E-tailers are scrambling to add customer-oriented features to their sites before the 2000 holiday season rolls around, according to a survey just released by Internet research firm IDC.
The survey, part of IDC’s ongoing Internet Executive ePanel, revealed that the percentage of business-to-consumer (B2C) sites that offer interactive customer service will increase a whopping 110 percent this year — from 21 percent offering it in the spring of 2000, to 41 percent doing so in spring 2001.
Although the survey asked what changes B2C companies would be making before spring 2001, IDC researcher Molly Upton told the E-Commerce Times that many of the companies surveyed said they hope to put the finishing touches on their new features in time for the holiday season.

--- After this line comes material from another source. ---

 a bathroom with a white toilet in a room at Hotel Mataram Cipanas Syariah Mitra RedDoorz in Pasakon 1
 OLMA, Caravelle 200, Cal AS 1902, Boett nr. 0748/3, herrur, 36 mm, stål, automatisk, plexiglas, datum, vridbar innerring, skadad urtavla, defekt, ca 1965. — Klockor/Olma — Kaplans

“If the results of our survey are any indication, B2C sites are busily preparing to add customer-oriented features in an effort to win loyalty and avoid another round of negative publicity from unhappy customers,” Upton said.
Online Order Tracking
One of the features that e-tailers are planning to add is online order tracking. IDC found that the percentage of sites with this capability is expected to almost double from less than 22 percent to nearly 40 percent. IDC said, however, that the percentages might be skewed because the majority of survey respondents were smaller e-commerce companies rather than large e-tailers that already have sophisticated sites.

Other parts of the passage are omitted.